What’s unique in God’s life, kingdom, and victory is that this healing is not just for the privileged, it’s for all, and it’s the kind that lasts. In the ancient world, the ones who were healed were the ones who could afford it, the ones who could finance their travel to renowned physicians or the temples of holy healers, to centers that resemble modern health spas – equally as spacious and grand with natural spring waters and giant amphitheaters for charismatic speakers. They too taught that the right set of beliefs or the right way of thinking was necessary for healing. The ones who got healthcare were the ones who were already relatively healthy enough to make the journey to such places. In this system, healing was not given, it was earned. Healing doesn’t come TO YOU, YOU had to make the way for healing. Perhaps our system is not so different all these years later. The woman that Jesus heals has no money left for doctors or treatments, and the daughter isn’t well enough to make the journey to any healer. They point to the top and bottom of the social hierarchy. Those who are just 12 years old surrounded by family and those who have spent that same amount of time isolated from others. They are both dangerously unclean and neither expresses any explicit faith before they are healed. This is who God heals – the high and the low, the overtly religious and those who haven’t been to church in years (if ever), the well off, the comfortable middle class, and the poor.
And the healing culminates… in sharing food.

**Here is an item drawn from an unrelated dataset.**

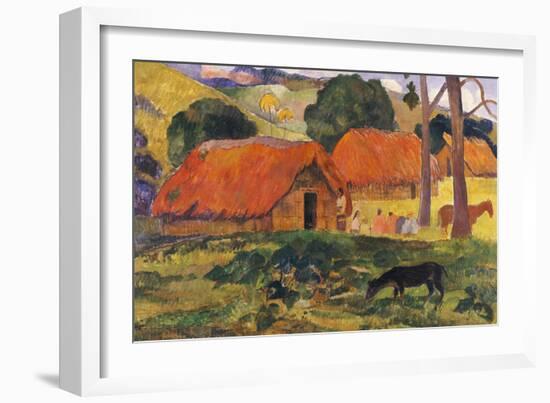 The Three Huts, Tahiti, 1891-92-Paul Gauguin-Framed Giclee Print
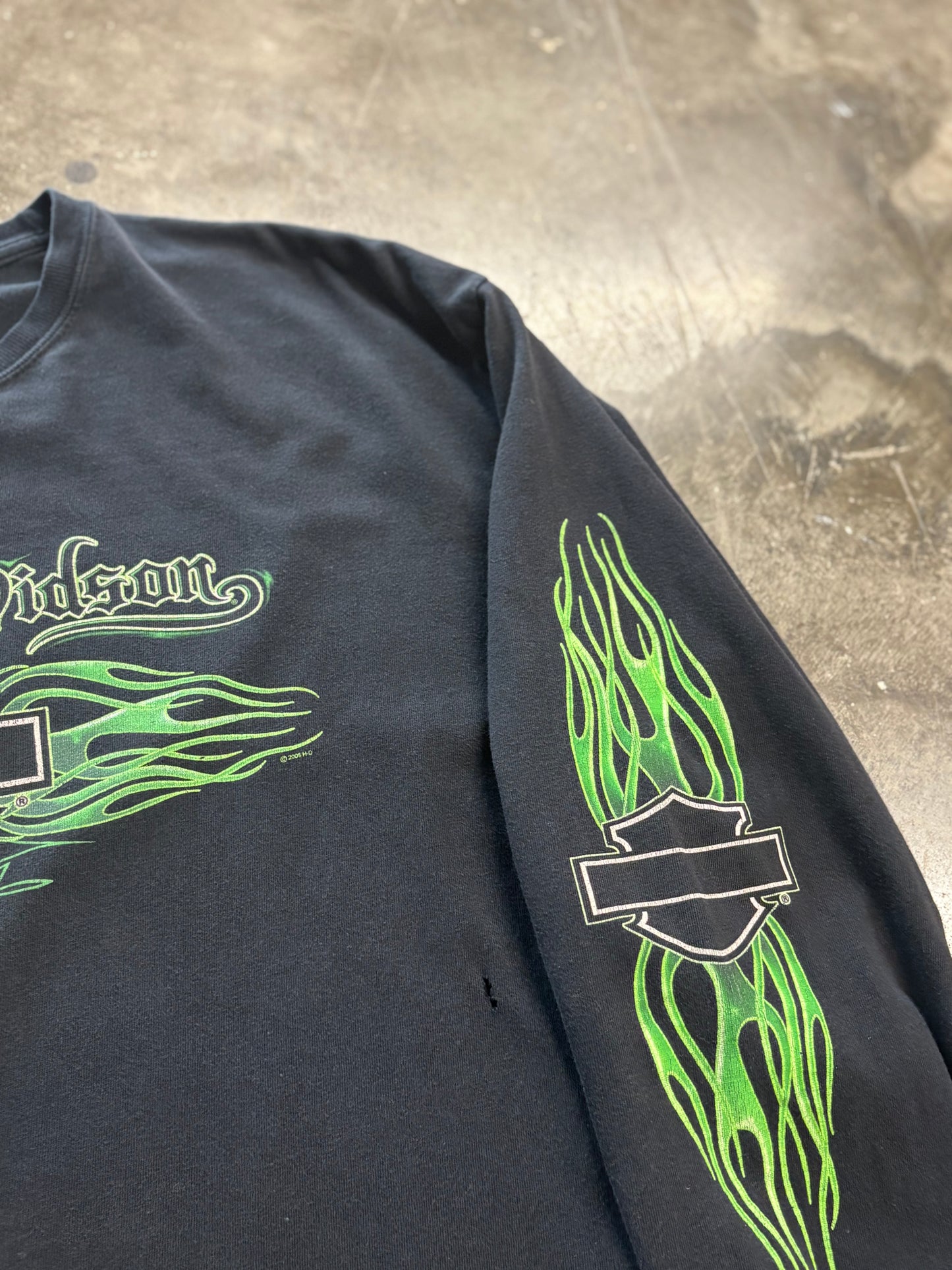 Vintage Harley Davidson Green Flame long sleeve size extra large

Jesus tells those gathered to get the newly resurrected girl something to eat. It’s a practical idea. She’s been through some stuff. She’s probably famished and food does wonders for a hungry body and soul. But Jesus also wants those around to see that she’s not a ghost, that this healing isn’t a smoke and mirrors trick. How many times have we been sabotaged with fear, even when we do get a glimpse of healing, that it’s not real or it won’t last? Jesus shows that this healing is not a shallow or hollow temporary fix, it is complete wholeness restored and it will remain. That doesn’t mean the little girl will never get a cold or the woman will never get arthritis for the rest of their lives, but they are eternally liberated in the truth that isolation (even within their own minds) will never again define them. The weight of our woes, as heavy as they get, is still no match for God’s love for us. They’ve experienced a hope so big, a relationship so restorative, a connection so powerful, and a love so profound that they cannot be intimidated, enslaved, or confined to anything less than God’s promise for ultimate wholeness. Each time we eat and drink this sacred meal, we taste that promise again and again as it nourishes us day by day. It declares that we are part of this body which has already gone to the grave and back. We are part of a divine body that in its brokenness is also life-giving food for a weary, disconnected world. It’s fragmentation is made whole in our sharing of it. Amen.